* [Problem statement]:
Write the data out in full and word for word. Do not include images.

* [The data]:

########################################

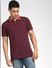 Burgundy Polo Neck T-shirt_401025+2
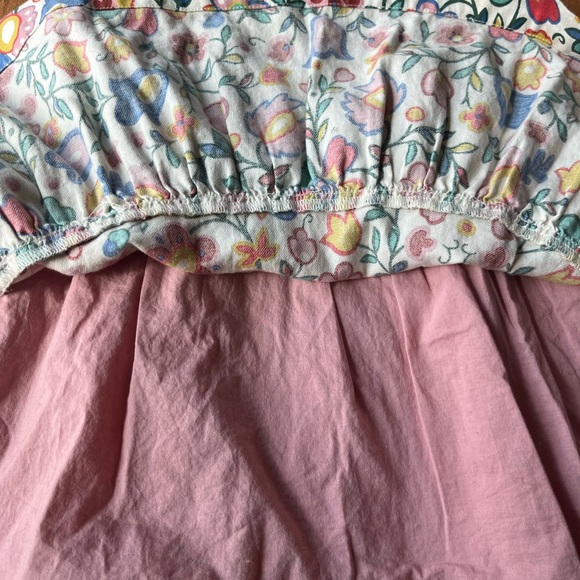 Mini Boden Floral Kids Dress - Pink, Blue, Yellow - Picture 2 of 3
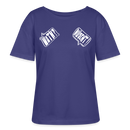 zwei weisse Sprechblasen auf der Brust-links "WATN?" -rechts "NÜSCHT!"- Das ist ne Berliner Unterhaltung auf dem Rundhals Frauen Bio-T-Shirt - Farbe Dämmerung-lilablau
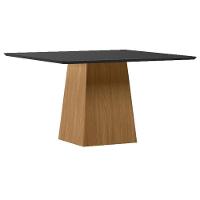 Mesa De Jantar 135x135 Cm Barbara Com Vidro Ype Preto - New Ceval - 1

########################################

* [Your response]:
 Burgundy Polo Neck T-shirt_401025+2
 Mini Boden Floral Kids Dress - Pink, Blue, Yellow - Picture 2 of 3
 zwei weisse Sprechblasen auf der Brust-links "WATN?" -rechts "NÜSCHT!"- Das ist ne Berliner Unterhaltung auf dem Rundhals Frauen Bio-T-Shirt - Farbe Dämmerung-lilablau
 Mesa De Jantar 135x135 Cm Barbara Com Vidro Ype Preto - New Ceval - 1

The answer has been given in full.